For those of you who haven’t seen a concert in Montreal, it works a little differently than in most other places in Canada. Usually, when there’s a big act, where do you get the tickets? Ticketmaster, of course. It’s easy, they have kiosks everywhere, and you can get tickets online and print them up, no sweat (criminal service charges, but that’s another rant completely).
Not in Montreal; Ticketmaster doesn’t even exist there. So instead, you have to farm out your ticket business to any number of small, potentially unreliable ticket brokers. And ticket kiosks? Forget about it. Nine times out of ten, if you can’t drive to Montreal to pick up the tickets, you have to trust the dreaded online-purchase-and-Canada-Post route. It’s enough to make anyone angsty. I’m not a big fan of shopping online to begin with, but when Canada Post gets involved, I start feeling sick to the stomach.
After I had carefully read everything on the pages as they went by and finished filling out the online forms to get my tickets, I got a confirmation email. Again, I carefully read everything on the email. “All sales final.”…okay… “No refunds allowed.”…okay… “Your credit card has automatically been billed.”…yada yada. In teeny-tiny type down at the bottom of the email, I read “please allow AT LEAST two weeks for ticket delivery.”
I started to freak out.

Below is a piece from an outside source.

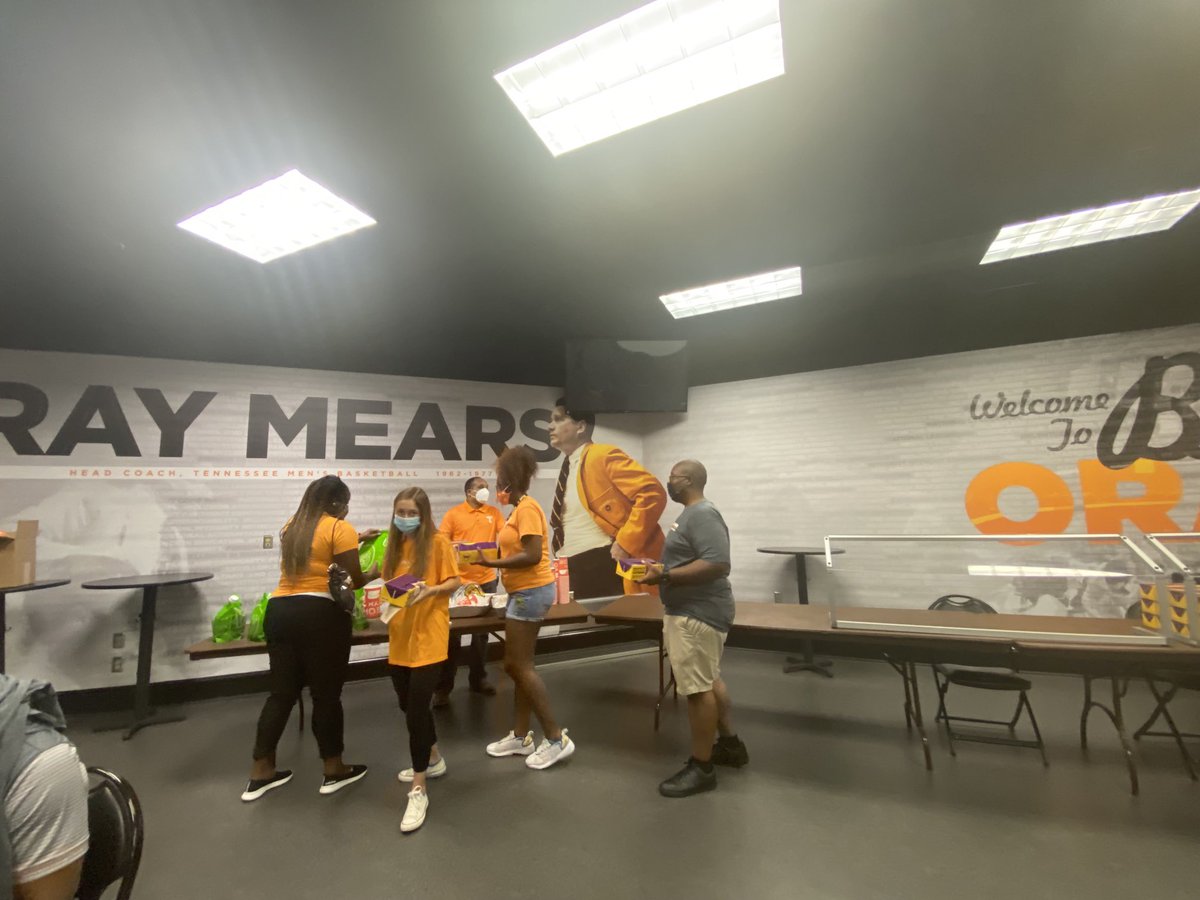 Gretchen_n's tweet photo. #Volisaverb! Your story matters, you belong! ⁦@UTKGlobal⁩ https://t.co/kQlQhUegTQ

The concert was in ten days, and they hadn’t told me anywhere on their online pages that they needed two weeks to get the tickets to me. Not even Canada Post is slow enough to take two weeks to mail something between Montreal and Ottawa. I desperately clicked the “back” button on my browser to re-read all of the pages and make sure I didn’t miss anything. I came up empty.
I spent an anxious few days wondering if I should call the box office, only to find the tickets waiting for me in our mailbox on the Monday before the concert. I breathed a deep sigh of relief. Their ticket terror tactics were only in place to legally cover their asses and, apparently, to make me feel needlessly ill.
Next stop, Montreal! Do to a personal mess that I don’t care to get into, we had left our packing to the last minute. Our hope was to pack up the car the morning of the concert (it was a Friday), drive into work, and then drive straight from work to the show. The fates conspired against us, unfortunately.
After work, we fought rush hour traffic back home, spent an hour packing, had to get dinner, had to gas up the car, and then fought rush hour traffic all the way out to the east end and out of town to Montreal. Over the course of these events, Stacey (with an impudent grin) insisted on asking me if I had the tickets every five minutes or so and expected me to prove it by showing them to her. Fortunately, after the last time, I had learned my lesson.
By the time we were solidly on the road, it was almost 7 pm and the band was on stage for 8:45 sharp. An hour and a half to Montreal was do-able, but really tight. Everything depended on traffic and a total lack of police on the road.
The next hour and half was a whirlwind of high-beams, catching “waves” of high-speed drivers, and a whole pant-load of luck. We pulled into downtown Montreal with 15 minutes to spare onto Rue St-Laurent, the very street where the concert was being held.
One problem: despite what the sign had said when we pulled of the highway, we weren’t actually on St-Laurent. We parked three blocks away from the venue only to find out we weren’t actually three blocks away.
Stacey, the quintessential optimist when it comes to taking the advice of strangers, asked a lady where the street was, en Français, no less. The dumbfounded looking lady, after scratching her big dumb head and rolling her big dumb eyes for a while, sent us six blocks in the opposite direction before we realized we were going the wrong way, asked someone else for directions, and re-traced our steps.
We burst into the nightclub winded, exhausted, and just in time for the first few bars of “Girl From Mars,” Ash’s opening song. Without even regard for our bladders, we found a spot to stand and reveled in our accomplishment. We were there, we were in one piece, and Ash was on the stage. Bliss.